Beyond those markets, EMFOF II will continue to invest in China, Brazil, India and Vietnam, areas where Washington State already has exposure through its previous fund of funds, Emerging Markets Fund of Funds I, which the board approved in March 2007. It allocated $400 million to that fund and transferred $125 million in existing commitments.
Underlying real estate funds in EMFOF I include Hong Kong-based LimeTree Capital Partners’ Emerging Beachfront Land I and II, which invest in emerging coastal land for development in the Asia-Pacific region, and Indochina Land Holdings 2 and 3, which are managed by Vietnam’s Indochina Land and focus on real estate development projects in that country. That FoF is now close to fully invested and has yielded a net internal rate of return of 11.7 percent since inception.
Like its predecessor fund, EMFOF II is considered a low-cost investment strategy that will offer Washington State attractive risk-adjusted returns, portfolio diversification and access to new real estate markets. However, the pension plan’s private markets committee acknowledged that the risk factors of investing in emerging markets programmes, such as rate of change, corruption and lack of an exit strategy, were numerous, and said a fund of funds strategy presented challenges in governance, leverage and concentration.
The emerging markets funds of funds currently represent Washington State's sole real estate fund investments, accounting for 3 percent of the pension plan's real estate portfolio. The vast majority of the pension plan's real estate investments are made through controlling interests in real estate operating companies.

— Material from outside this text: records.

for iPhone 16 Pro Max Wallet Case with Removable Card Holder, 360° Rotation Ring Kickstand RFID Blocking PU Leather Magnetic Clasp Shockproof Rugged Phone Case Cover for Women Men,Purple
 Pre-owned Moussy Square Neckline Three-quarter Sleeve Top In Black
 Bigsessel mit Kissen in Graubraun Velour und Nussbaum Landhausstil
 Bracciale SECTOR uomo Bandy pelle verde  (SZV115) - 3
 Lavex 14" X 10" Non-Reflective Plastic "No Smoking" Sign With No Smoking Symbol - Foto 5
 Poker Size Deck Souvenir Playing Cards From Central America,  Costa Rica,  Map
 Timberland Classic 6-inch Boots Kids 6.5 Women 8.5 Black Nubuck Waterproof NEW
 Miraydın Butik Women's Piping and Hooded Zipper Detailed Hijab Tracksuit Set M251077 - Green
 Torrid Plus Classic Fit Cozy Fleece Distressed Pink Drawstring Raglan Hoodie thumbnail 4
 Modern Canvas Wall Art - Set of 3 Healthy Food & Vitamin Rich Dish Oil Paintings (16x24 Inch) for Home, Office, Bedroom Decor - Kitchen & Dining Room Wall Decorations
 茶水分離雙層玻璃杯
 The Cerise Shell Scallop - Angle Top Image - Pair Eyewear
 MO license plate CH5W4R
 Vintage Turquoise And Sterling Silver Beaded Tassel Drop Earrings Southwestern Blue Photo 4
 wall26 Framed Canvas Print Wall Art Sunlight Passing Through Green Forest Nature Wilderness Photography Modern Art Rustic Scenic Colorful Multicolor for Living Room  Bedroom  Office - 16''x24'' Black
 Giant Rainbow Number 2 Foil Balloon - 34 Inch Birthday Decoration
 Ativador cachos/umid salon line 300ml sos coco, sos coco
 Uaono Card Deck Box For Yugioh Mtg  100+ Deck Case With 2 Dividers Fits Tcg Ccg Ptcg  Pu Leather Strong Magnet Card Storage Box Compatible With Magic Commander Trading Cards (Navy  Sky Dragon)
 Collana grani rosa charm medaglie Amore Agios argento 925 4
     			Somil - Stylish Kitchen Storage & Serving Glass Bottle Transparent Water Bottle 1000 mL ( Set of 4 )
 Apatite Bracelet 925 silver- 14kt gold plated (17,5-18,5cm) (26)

Washington State’s commitment is the latest allocation by a US pension fund to an international real estate multi-manager strategy. Earlier this year, the Employees Retirement System of Texas said it was targeting a commitment of $75 million to $100 million to an international fund of funds, through which it plans to make real estate investments in Europe and Asia. ERS is expected to close on its investment by the first quarter of 2012.